# Scraping NamCars.net for car data analysis
  
NamCars.net has no objections to scraping and using the data for personal or non-commercial use  
  
### Goals 
1. Scrape all entries for "Bakkie Double Cab" and "4x4" category. The overlaps will be irrelevant  
   Get the data
2. Store the data. Just a CSV file 
3. Some analysis and presentation  
  
### Motivation 
Cars and 4x4s are fun.
  

### Scraping pseudocode

start with the base page
while there is a "next page":   
- get DOM of current page  
- scrape  
    - get data for all cars 
    - extract the URL of the next page   
- wait a while, not to overwhelm the server or seem suspicious enough to be banned  

save data to CSV

In [1]:
from bs4 import BeautifulSoup
import requests 
import time
import csv

In [2]:
'''Write data to CSV file. 
   Needs: header names, rows of data and the path with file name'''
def log_data(field_names, data, path=''): 
    with open(str(path), 'w', newline='') as f:
        write = csv.writer(f)
        write.writerow(field_names)
        write.writerows(data)
        f.close()
        
    print("Good data log")

In [None]:
'''
Scrape all entries for a type of car (the website has several pages per car type)  
Provide the URL of the first page of a car type and this algo will iterate over all sequent pages and extract the details.
'''
def scrape_cars(nextURL): 
    counter = 0
    carData = []

    # while it is not the last page or we iterated over more than 100 pages (in case of an error)
    while nextURL or counter > 100: 
        print(nextURL)
        counter += 1 # fale safe 

        #Load page DOM
        res = requests.get(nextURL) 
        soup = BeautifulSoup(res.content, 'html5lib')

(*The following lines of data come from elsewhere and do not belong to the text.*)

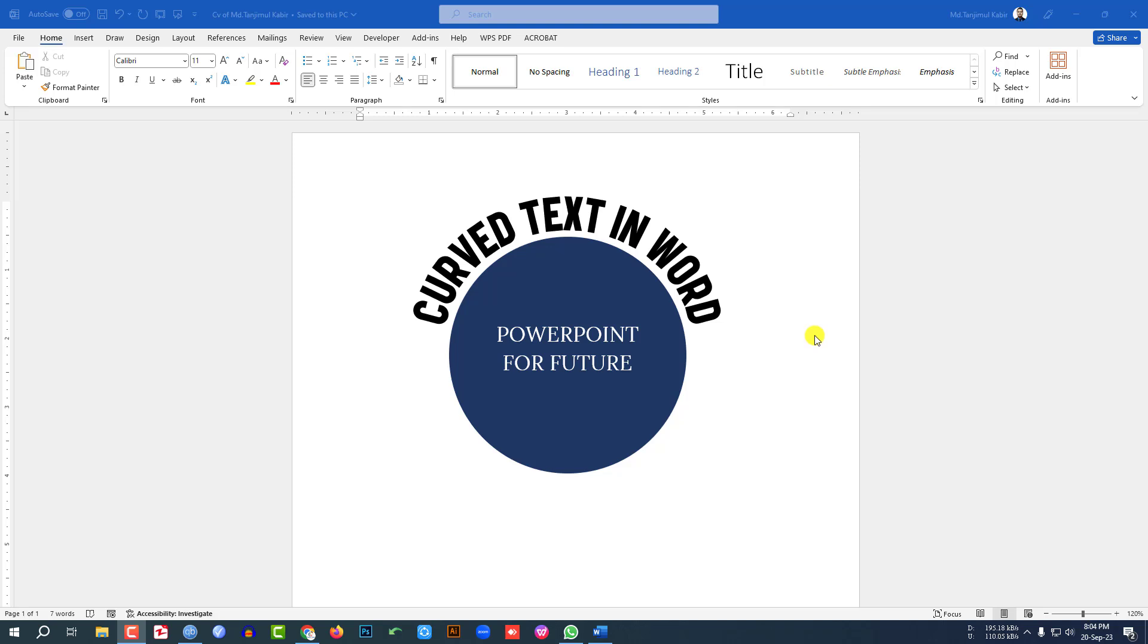Today we're going to show you how to write curved text in Microsoft Word. If you want to be an expert, watch this video till the end. Let's begin.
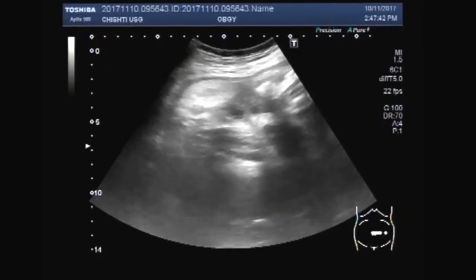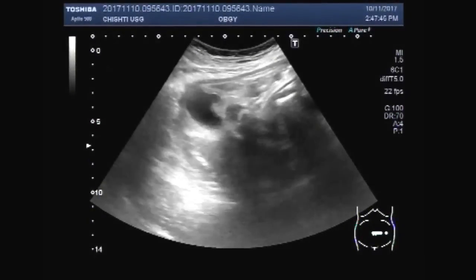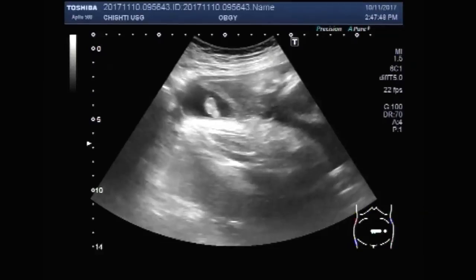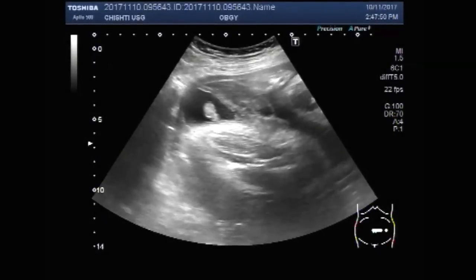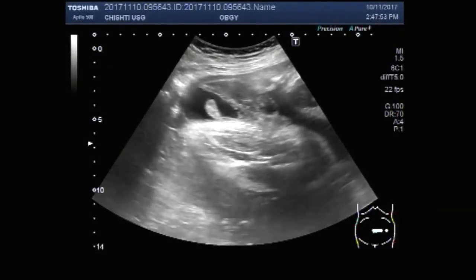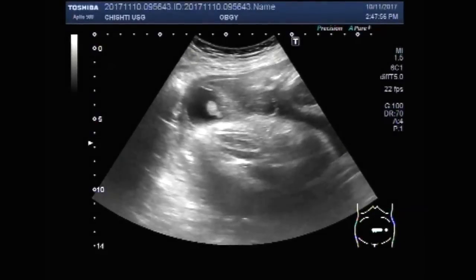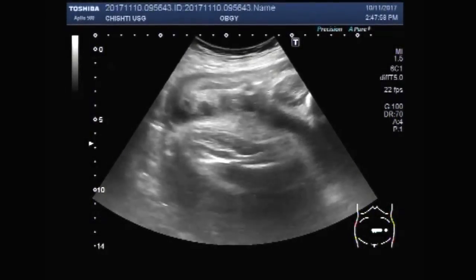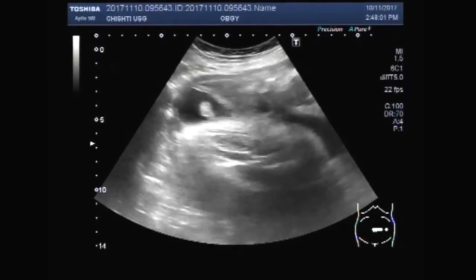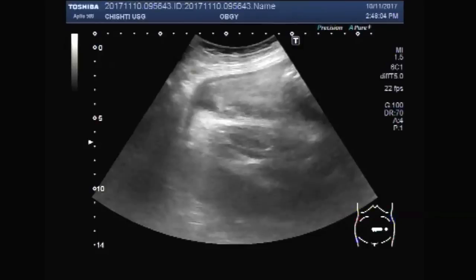Again, you can see the testicles. One testicle is seen in the scrotal sac, and the other scrotal sac is empty.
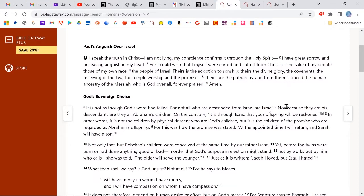And likewise, not all of Abraham's children are included in the outworking of the word of God — just Isaac, the son of promise. But it's not as though God's word had failed. And so that's the argument Paul's making here, and he goes on to use Jacob and Esau and so forth.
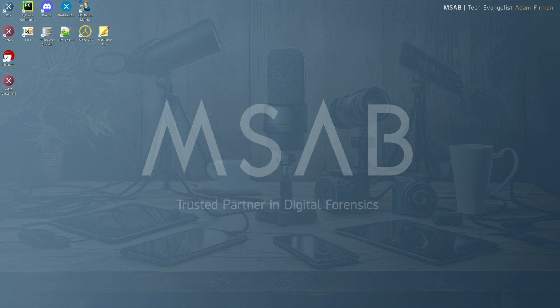Hello and welcome to today's MSAB Monday. I'm Adam Furman, Tech Evangelist here with MSAB. Today we're having a look at a handy feature that comes with XRY, and that is the device manual.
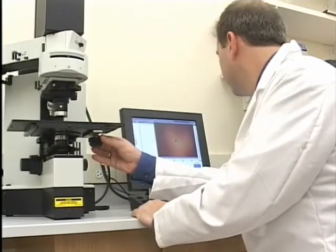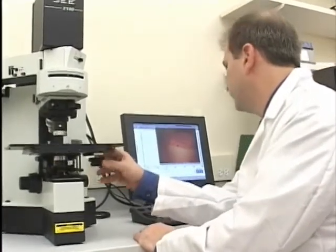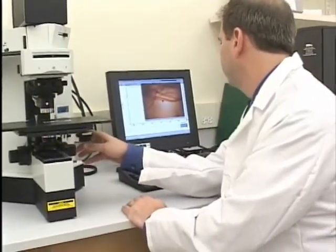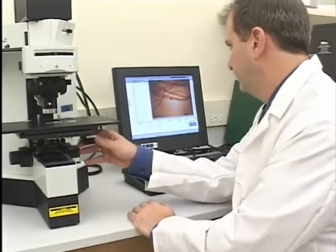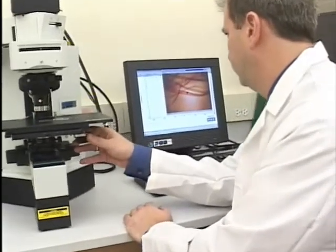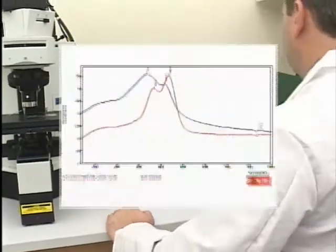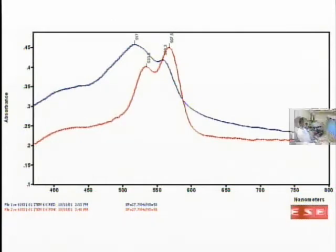Another station is the Micro Spectrophotometer. Similar to the FTIR in using light to examine the characteristics of evidence, this instrument uses light in the visible and ultraviolet regions of the light spectrum. The instrument can provide information on dyes and pigments and is able to differentiate color about ten times better than the human eye.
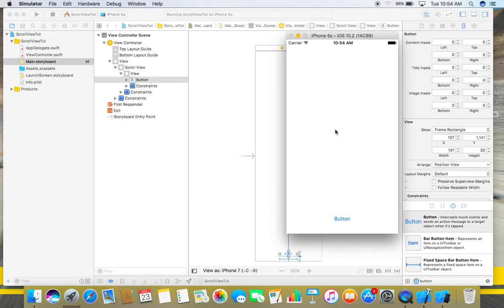You can easily add a scroll view to a normal view by using these simple steps.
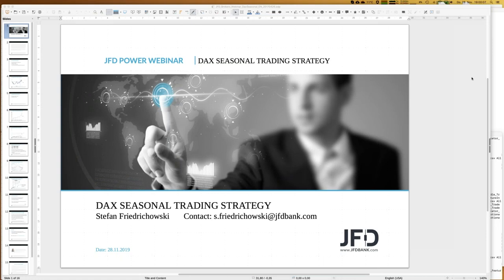Welcome everybody to our next webinar at JFD Bank. My name is Stefan Friedrichowski and a warm welcome from me and in the name of JFD Bank as well. It's a pleasure to have you all here for today's webinar about DAX seasonal trading strategy. Today we have the 28th of November 2019, 7 o'clock p.m. Central Europe time. From the names it looks like we are quite international here today.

        # Container for all cars
        carsContainer = soup.find('div', attrs = {'class': 'itemsContainer'})
        allCars = carsContainer.find_all('div', attrs = {'class': 'item_box nomobileInline'})

        # Get data for every car on the current page
        for car in allCars:    
            individual_url = baseURL + car.div.a['href']
            make = car.div.a.strong.span.get_text()
            year = car.div.a.strong.get_text().strip()[:4]
            model = car.div.a.find('span', attrs = {'itemprop': 'model'}).get_text()
            if model.find(' ') == -1: # cases with only model name and no details
                model_name = model
                model_details = '-'
            else: 
                model_name = model[:model.find(' ')].lower()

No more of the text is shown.